So anyway, mechanics are something that we evolve, and that
there is some things that come back but there’s a lot of things that—we
constantly are making new things, every set will have new mechanics, every
block will have new mechanics.
Now, one of the things that’s interesting, as we evolve, is
how we evolve has been changing. I talk about this, that the two big things
that’s happened over time as we evolve is we’ve made two changes. Actually, I’m
jumping ahead of myself. So, we evolve cards. We evolve mechanics. We evolve
themes.
So maybe I’ll just make this point here, I’ll jump to it
later. One of the things that has happened… I guess what I’m trying to say here
is, not only do we evolve the game, but we evolve how we make the game. That
R&D itself evolves. Design evolves. Development evolves. And that one of
the things we’ve seen over time is how we treat the game and how we think of
the game has changed.
And the two big things that have changed over time—one is
the scope. That what I talk about is when you first started playing in Alpha,
the scope was on card level. That Richard really was maximizing every card,
making every card as flavorful as it could be. And then with time we pulled
back a little bit. We pulled back to sort of the mechanics. And then pulled
back to the theme. And then pulled back to the overall feel of the set. And then
the block. And then the structure of the block. And then the meta-block. And
that one of the things about Magic
is, we keep pulling our focus back to look at more things. So we’ve gotten more
and more holistic over time.
And now just once upon a time, if we had an awesome card
that in a vacuum was just neat, we would make it. And now it’s like, “Oh, but
no no no, it has to fit in the larger sense of what we’re doing,” and that if
we have awesome cards we save them for the right place to do them. That you don’t
just do an awesome card just because you can do it, you do an awesome card in
the right place. That when you get neat ideas, you save them.

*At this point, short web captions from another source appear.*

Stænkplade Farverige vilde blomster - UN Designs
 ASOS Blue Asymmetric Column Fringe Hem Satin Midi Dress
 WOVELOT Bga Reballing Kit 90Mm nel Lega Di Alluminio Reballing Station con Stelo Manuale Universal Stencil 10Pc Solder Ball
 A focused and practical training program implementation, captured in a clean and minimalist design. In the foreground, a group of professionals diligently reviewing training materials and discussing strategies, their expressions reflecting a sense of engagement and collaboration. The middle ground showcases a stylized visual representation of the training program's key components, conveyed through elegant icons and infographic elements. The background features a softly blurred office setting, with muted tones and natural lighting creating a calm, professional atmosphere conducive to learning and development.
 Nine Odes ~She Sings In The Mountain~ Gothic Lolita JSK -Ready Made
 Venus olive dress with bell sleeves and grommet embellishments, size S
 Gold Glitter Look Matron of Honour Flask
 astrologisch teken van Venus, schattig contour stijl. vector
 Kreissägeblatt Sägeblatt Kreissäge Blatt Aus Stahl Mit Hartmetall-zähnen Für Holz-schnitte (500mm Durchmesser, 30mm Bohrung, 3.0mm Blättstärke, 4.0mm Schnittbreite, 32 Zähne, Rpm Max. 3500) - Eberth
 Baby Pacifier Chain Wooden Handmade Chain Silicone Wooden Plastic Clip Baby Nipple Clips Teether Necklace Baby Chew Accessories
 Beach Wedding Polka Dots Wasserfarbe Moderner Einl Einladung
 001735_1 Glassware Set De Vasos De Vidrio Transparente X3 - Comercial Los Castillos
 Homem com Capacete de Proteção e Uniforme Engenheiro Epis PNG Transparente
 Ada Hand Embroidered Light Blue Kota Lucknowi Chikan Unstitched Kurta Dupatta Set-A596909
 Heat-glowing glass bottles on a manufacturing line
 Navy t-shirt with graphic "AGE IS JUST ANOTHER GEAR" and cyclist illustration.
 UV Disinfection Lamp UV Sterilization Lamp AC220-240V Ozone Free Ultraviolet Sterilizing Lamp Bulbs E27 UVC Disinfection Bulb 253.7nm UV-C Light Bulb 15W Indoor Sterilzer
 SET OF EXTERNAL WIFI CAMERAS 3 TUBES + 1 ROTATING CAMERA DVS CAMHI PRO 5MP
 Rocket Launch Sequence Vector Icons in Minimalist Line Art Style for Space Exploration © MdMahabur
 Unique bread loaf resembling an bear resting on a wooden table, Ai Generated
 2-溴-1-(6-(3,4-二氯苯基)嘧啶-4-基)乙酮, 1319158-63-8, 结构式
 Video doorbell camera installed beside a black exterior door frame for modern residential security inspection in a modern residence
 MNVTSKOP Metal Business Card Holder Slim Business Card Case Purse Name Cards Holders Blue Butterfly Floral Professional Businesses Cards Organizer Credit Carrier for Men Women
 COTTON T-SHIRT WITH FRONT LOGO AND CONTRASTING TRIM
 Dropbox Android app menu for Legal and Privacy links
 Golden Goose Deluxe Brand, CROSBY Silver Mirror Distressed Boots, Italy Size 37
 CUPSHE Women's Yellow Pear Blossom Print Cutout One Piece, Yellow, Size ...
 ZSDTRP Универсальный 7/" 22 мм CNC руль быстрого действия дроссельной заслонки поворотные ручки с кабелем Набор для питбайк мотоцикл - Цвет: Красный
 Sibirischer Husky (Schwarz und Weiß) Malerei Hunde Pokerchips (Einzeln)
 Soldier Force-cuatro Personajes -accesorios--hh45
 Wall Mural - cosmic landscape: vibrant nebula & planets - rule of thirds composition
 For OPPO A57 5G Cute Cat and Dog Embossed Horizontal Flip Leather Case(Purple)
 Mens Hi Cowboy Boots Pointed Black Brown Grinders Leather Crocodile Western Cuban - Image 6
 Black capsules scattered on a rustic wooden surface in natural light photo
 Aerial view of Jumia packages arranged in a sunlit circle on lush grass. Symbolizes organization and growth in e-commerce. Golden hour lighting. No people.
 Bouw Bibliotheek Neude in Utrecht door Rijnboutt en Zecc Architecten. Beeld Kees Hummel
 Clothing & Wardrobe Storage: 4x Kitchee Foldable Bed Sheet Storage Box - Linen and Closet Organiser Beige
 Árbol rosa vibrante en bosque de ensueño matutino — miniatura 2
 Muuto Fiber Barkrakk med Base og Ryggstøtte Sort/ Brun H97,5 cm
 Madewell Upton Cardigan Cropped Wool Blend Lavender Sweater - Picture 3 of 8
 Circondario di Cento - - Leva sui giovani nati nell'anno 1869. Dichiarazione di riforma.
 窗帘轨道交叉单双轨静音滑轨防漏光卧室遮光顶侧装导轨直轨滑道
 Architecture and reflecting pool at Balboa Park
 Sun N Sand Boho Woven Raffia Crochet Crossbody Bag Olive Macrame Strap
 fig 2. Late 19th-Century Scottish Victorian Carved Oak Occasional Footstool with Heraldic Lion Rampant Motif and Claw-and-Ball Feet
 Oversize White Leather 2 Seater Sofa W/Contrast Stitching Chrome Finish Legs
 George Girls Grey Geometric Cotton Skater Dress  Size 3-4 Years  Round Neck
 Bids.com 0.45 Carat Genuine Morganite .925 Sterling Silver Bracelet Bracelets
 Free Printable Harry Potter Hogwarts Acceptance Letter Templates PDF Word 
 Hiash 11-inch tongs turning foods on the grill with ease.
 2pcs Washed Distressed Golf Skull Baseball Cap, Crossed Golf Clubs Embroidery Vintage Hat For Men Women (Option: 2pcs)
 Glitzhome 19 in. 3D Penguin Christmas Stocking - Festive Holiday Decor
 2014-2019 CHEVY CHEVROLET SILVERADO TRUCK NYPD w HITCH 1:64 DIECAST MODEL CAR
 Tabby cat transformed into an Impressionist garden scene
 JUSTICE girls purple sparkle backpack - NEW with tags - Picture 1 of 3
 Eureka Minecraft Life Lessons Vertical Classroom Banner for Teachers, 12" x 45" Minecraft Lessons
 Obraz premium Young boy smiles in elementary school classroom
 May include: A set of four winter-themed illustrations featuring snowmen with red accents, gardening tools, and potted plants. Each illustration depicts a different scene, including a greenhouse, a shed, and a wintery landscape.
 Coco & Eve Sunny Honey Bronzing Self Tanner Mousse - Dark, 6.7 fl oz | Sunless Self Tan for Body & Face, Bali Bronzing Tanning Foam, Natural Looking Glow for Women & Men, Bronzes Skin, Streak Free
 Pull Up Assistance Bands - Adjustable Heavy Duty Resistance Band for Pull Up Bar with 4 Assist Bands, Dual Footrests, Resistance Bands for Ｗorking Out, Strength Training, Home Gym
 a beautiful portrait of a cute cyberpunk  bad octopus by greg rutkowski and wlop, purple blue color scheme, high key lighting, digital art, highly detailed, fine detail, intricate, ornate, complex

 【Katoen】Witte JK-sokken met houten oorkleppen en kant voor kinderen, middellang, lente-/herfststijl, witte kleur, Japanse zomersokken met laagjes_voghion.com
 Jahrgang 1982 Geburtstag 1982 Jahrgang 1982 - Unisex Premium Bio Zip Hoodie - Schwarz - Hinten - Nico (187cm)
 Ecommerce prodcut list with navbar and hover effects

And the other thing that we do that’s changed, the other way
R&D’s evolved is that we start earlier and earlier. That we do more and
more advanced thinking and planning about the set. Once upon a time, it’s like,
“Okay, time to make the set, let’s go.” And then we started getting to the point
where we thought ahead and we started picking themes ahead and mechanics ahead,
and now we do advanced planning ahead, and that we spend more and more time
sort of plotting where we’re going.
And one of the things that’s funny is, every time I think,
like “Wow, we’ve gotten pretty advanced in how we think about it,” and then we
just keep upping our game. We keep notching it up. And that’s another thing
that is very interesting in the way the game evolves, is that it doesn’t just
evolve in the game itself but behind the game.
The other big thing that evolves when you look at Magic is I keep talking about to me,
the heart of the game is the color pie. And the reason it is is, it gives a
proper feel to everything. And while the core philosophies haven’t changed, the
execution of our color pie is a constantly evolving thing.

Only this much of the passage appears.